One of the more interesting topics of PCB design, especially on the small-scale or enthusiast level, is the price at which you should sell products at.
Looking at prices on eBay for products in Hong Kong, it seems impossible to compete - it can actually be downright discouraging. A cheap voltage regulator board may go low as $5 USD. However the hidden indirect costs are shipping wait time, lack of documentation, poor finish quality, and counterfeit parts.
Some of the items on Tindie sell very cheap as well. I took three items that were relatively useful and computed the component and board cost, and they barely cleared 10% margin. This is assuming the designer was paying himself nothing. That is just bad business, and hurts the industry as a whole as it drives the market down to unsustainable rates. Luckily these people quickly vanish to obscurity as they soon discover they are not profitable; but there is always a new individual soon to follow and the issue remains perpetual.

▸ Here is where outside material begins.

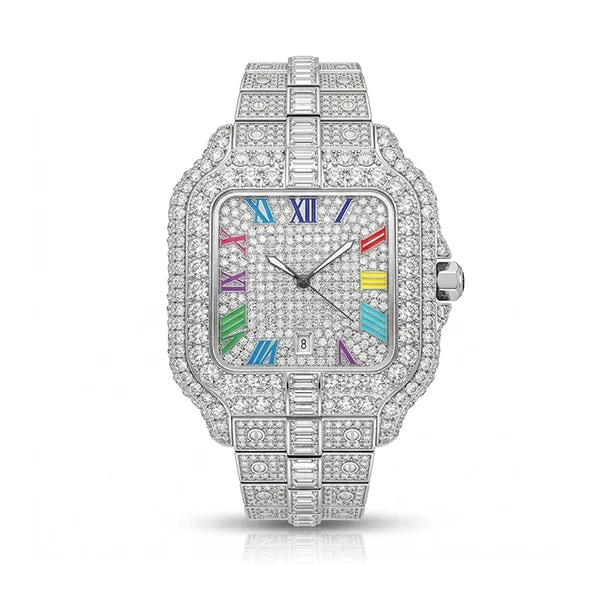 Multicolored stone-set bezel photographed clean and dry after polishing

It is very important to know the difference between revenue and cost; and that your time for designing schematics, footprints, and PCB routing must be taken into consideration, and be multiplied through at minimum wage (which isn't particularly proper either)! It would also not make much sense to sell at less than 12% margin (revenue-cost)/(cost) as one could easily get a mutual fund that will out-perform with low risk. That is just smart, sensible business.
The inherit problem is volume however. This is where the wildest, most unpredictable, number is factored into price. You may sell one board a month of a particular design, but if you divide material and labor into a low volume like 10 boards, the cost is going to be noncompetitive. For that reason I usually go on a baseline non-aggressive assumption of 1 board/month for 8 years; or about 100 boards volume. It's up to me to market hard enough and push a product to surpass that target. The risk of not hitting it is on me, not the consumer, and thus if I don't hit it I only have myself to blame. You can't pass poor volume costs onto the consumer who is only buying a single board, otherwise you won't sell anything!
That said, the best approach seems to be itemizing your component costs, marking them up 12-15%, adding in your time at somewhere above minimum wage or your local market rate in an electronics occupation, adding in the price per fabricated board for a 100 board order, and adding in the shipping cost for importing components spread across about 20 orders. (i.e. don't be overconfident and order 100 qty of each component immediately). I've done this numerous times and the sweet selling spot always falls around 3-5 times the component cost. The typical single-function board with no exotic ASIC style chips generally pings around $45-$55 USD. Anything less I am often skeptical that there is any profit to be had; and that is a hobby, not a business.
There have been articles on Kickstarter that show $50 USD is also the sweet spot for pledges as well. Offer something lucrative at $50 USD and your Kickstarter will have more success than a lucrative item at $10 or $100. Coincidence? Unsure, but fifty dollars is by no means excessive in a world where we will pay organization nearly $1000 for a phone that we know has little component cost, but huge corporate overhead cost. There's bit of a communist appetite to be had in this field as well; $50 is a small fee to encourage a budding entrepreneur or smalls scale designer to develop more projects and grow. Moreover you get in return a direct line of communication to offer ideas, revisions and make improvements. The best defense for those who snicker at a board price of $45-$55 USD as too high, is to open source your project and allow them to source components, fabricate the board, and assemble it themselves - suddenly they will realize the true value of your time.